Joke Seram: Di Atas Kabut - Chapter 237
Bab 237: Aula Leluhur
## Bab 237: Bab 237: Aula Leluhur
Apakah kepala Lu Guo akan… muncul?
Tapi… bahkan jika Lu Guo berubah menjadi hantu, bukankah seharusnya ia berada dalam keadaan seperti ini?
Sebelumnya, seluruh tubuhnya tertutupi wajah manusia, tampak sangat menakutkan, tetapi kepalanya baik-baik saja…
Mungkinkah… kepala ini diubah oleh hantu lain?
Sebenarnya apa yang sedang terjadi di sini…?
Apa yang telah terjadi pada desa ini?
Ada berapa hantu…?
Dalam situasi seperti itu, bahkan orang yang paling optimis pun pasti akan merasa putus asa, apalagi Jiang Li, yang bukanlah orang yang optimis.
Meskipun dia tahu bahwa Li Mu dan yang lainnya telah berulang kali menyebutkan bahwa hantu ganas yang tak terpecahkan dalam misi Pengumpulan Kabut hanya tampak tak terpecahkan, sebenarnya ada cara untuk bertahan hidup, bahkan mungkin untuk langsung melenyapkan hantu ganas tersebut.
Namun kali ini, bagaimana cara untuk bertahan hidup…?
Bulan Gunung Bersembunyi, Peti Mati Memancing dari Air…
Bagian pertama sudah terverifikasi kebenarannya.
Memang ada masalah besar dengan cahaya bulan, Lu Guo hanya memperlihatkan jari-jari kakinya tetapi mengalami perubahan yang sangat menakutkan.
Tidak hanya itu, Nona Xu dan Lu Guo sama-sama melihat wajah yang sangat mirip dengan wajah mereka sendiri.
Kemudian Nona Xu kehilangan wujudnya dan menjadi tak terlihat…
Apa sebenarnya yang terjadi di sini…?
Jiang Li memegang kepalanya, berusaha keras memikirkan petunjuk-petunjuk tersebut.
Mengapa Nona Xu kehilangan keseimbangan setelah melihat wajah itu, tetapi Lu Guo tidak?
Mengapa semua orang melihat pakaian pemakaman itu, tetapi hanya Nona Xu yang dikutuk?
Hanya Nona Xu…
Jiang Li tiba-tiba membelalakkan matanya karena ngeri, itu dia!
Posisi!

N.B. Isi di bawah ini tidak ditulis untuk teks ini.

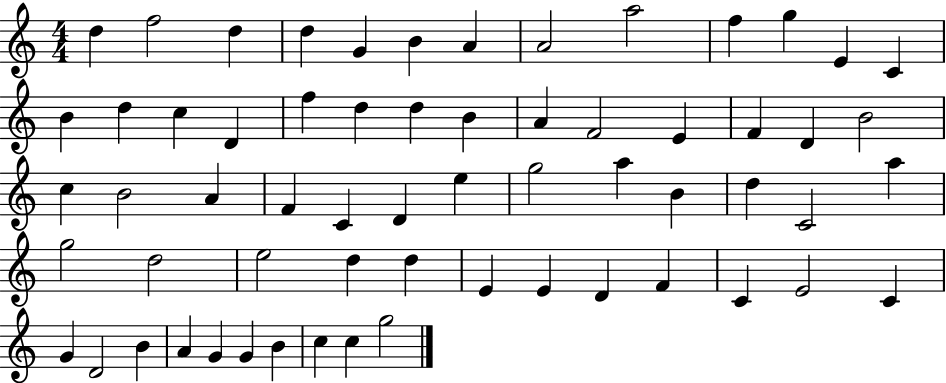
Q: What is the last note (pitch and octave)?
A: G5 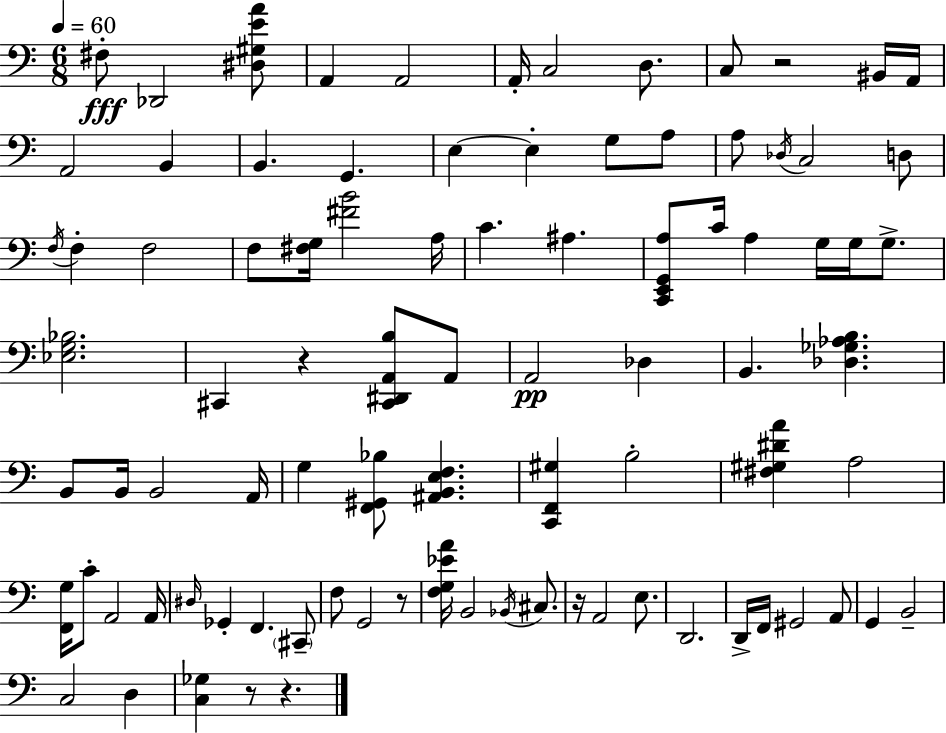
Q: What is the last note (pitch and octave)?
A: D3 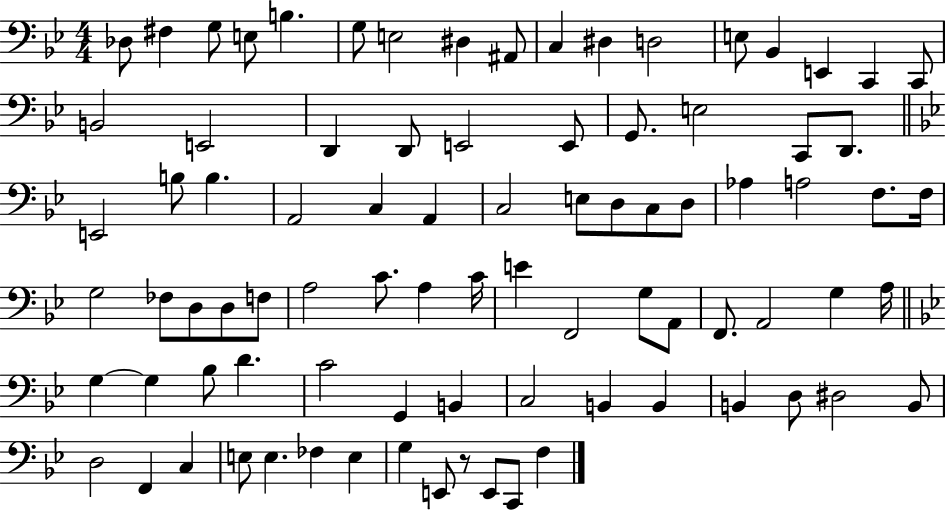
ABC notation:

X:1
T:Untitled
M:4/4
L:1/4
K:Bb
_D,/2 ^F, G,/2 E,/2 B, G,/2 E,2 ^D, ^A,,/2 C, ^D, D,2 E,/2 _B,, E,, C,, C,,/2 B,,2 E,,2 D,, D,,/2 E,,2 E,,/2 G,,/2 E,2 C,,/2 D,,/2 E,,2 B,/2 B, A,,2 C, A,, C,2 E,/2 D,/2 C,/2 D,/2 _A, A,2 F,/2 F,/4 G,2 _F,/2 D,/2 D,/2 F,/2 A,2 C/2 A, C/4 E F,,2 G,/2 A,,/2 F,,/2 A,,2 G, A,/4 G, G, _B,/2 D C2 G,, B,, C,2 B,, B,, B,, D,/2 ^D,2 B,,/2 D,2 F,, C, E,/2 E, _F, E, G, E,,/2 z/2 E,,/2 C,,/2 F, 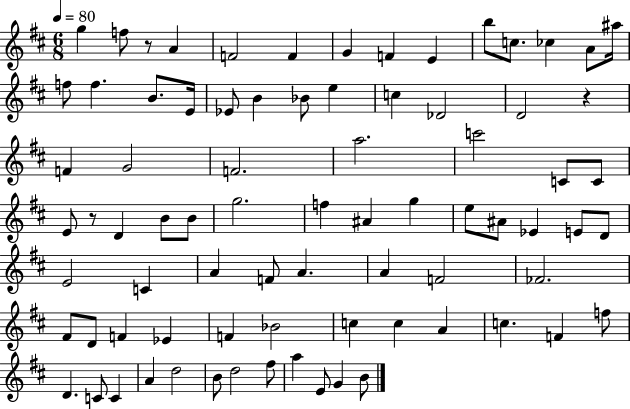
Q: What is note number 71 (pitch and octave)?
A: D5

Posisi pandangan mata berbeda!
Meskipun semua orang melihat pakaian pemakaman itu, fokus pandangan mereka berbeda. Nona Xu tadi menyebutkan… dia sedang melihat bagian leher pakaian pemakaman itu!
Pakaian pemakaman itu…
Kita harus melihat kembali pakaian pemakaman itu!
Pasti ada sesuatu di bagian lehernya yang luput dari perhatian semua orang…
Namun, begitu Jiang Li memikirkan petunjuk penting ini, bulu kuduknya tiba-tiba merinding.
Suasana gelisah yang kuat menyebar dari sekeliling, seolah-olah… sesuatu di kegelapan sedang mengawasinya…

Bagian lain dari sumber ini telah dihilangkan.